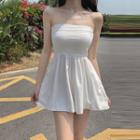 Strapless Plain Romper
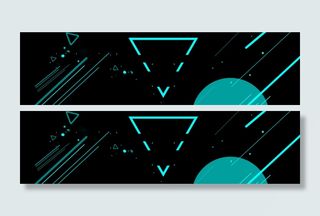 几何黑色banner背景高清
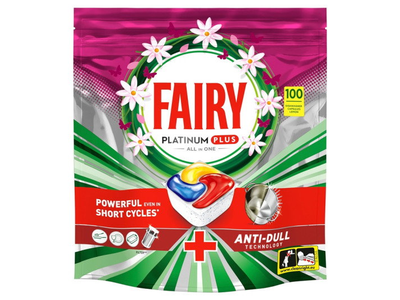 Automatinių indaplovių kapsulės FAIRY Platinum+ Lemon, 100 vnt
######
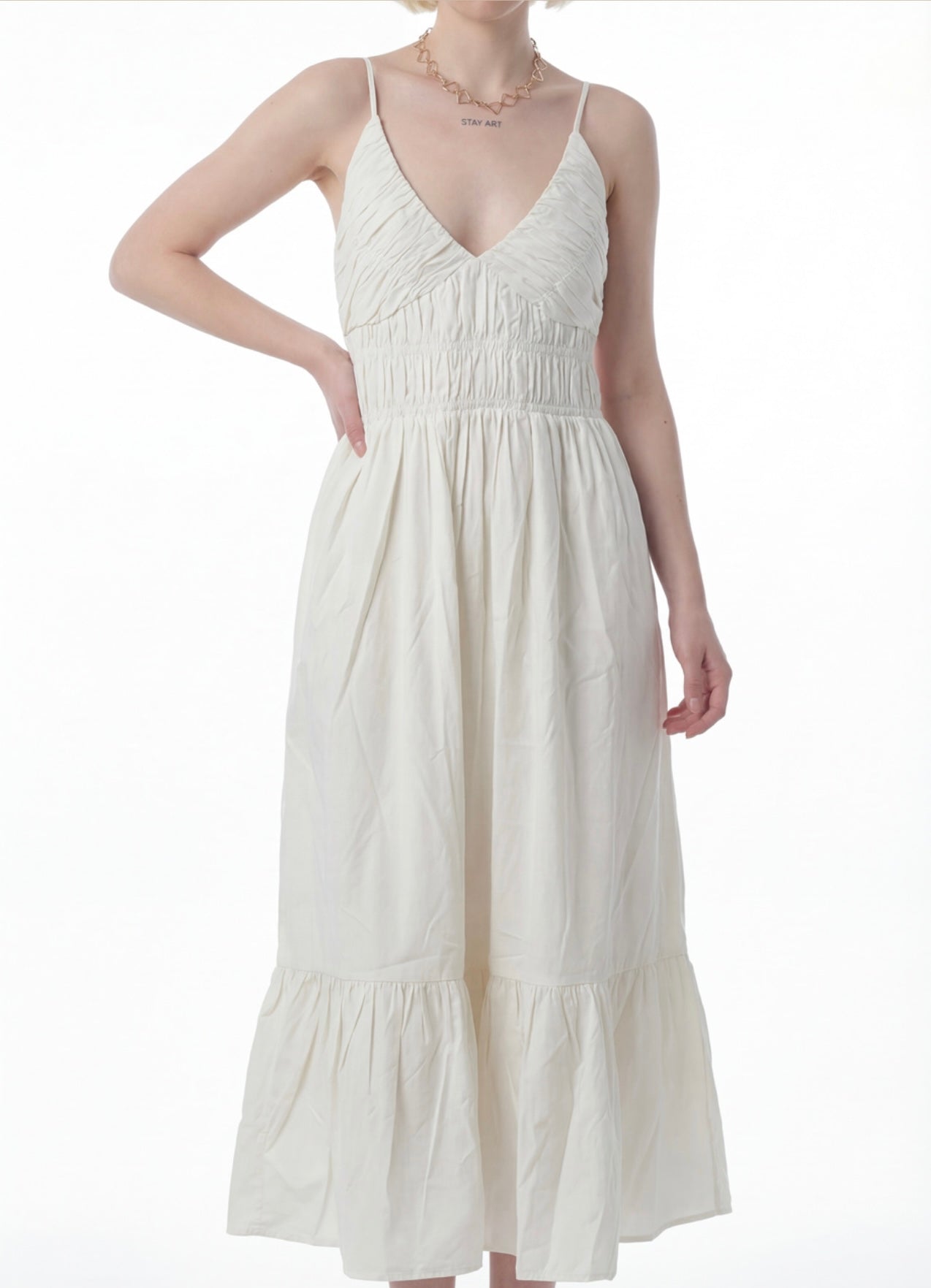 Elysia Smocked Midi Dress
######
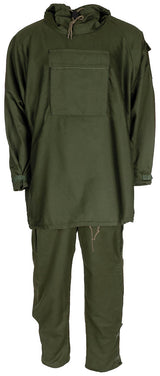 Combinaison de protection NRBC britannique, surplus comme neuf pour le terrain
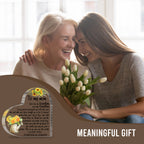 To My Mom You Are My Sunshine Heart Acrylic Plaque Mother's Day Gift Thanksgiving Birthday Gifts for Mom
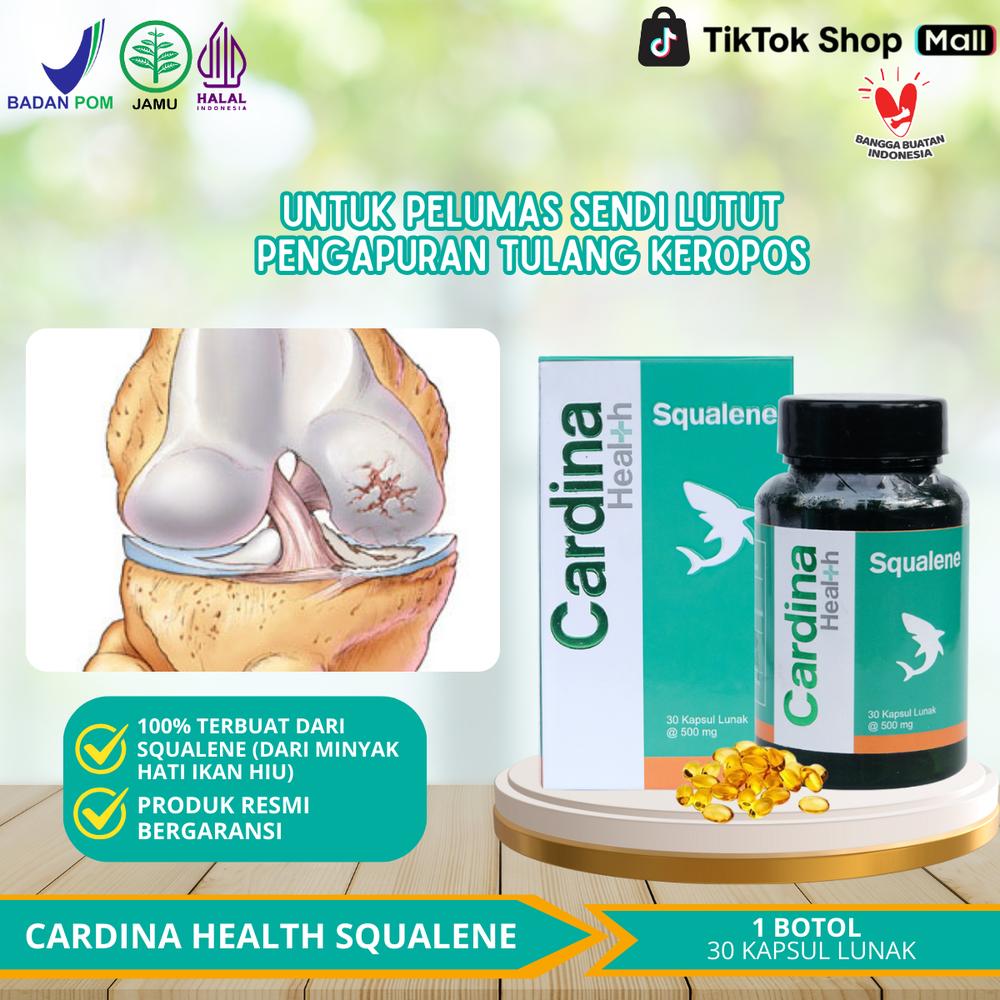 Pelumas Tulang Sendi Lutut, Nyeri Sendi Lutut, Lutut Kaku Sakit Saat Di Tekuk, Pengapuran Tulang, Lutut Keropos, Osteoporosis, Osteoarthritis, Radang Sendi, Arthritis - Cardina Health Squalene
######
*What you are asked to do*.
Copy out the listing above from the line containing "Combinaison de protection" to the line containing "To My Mom You", both included, exactly as written and minus the images.

*Your solution*.
 Combinaison de protection NRBC britannique, surplus comme neuf pour le terrain
 To My Mom You Are My Sunshine Heart Acrylic Plaque Mother's Day Gift Thanksgiving Birthday Gifts for Mom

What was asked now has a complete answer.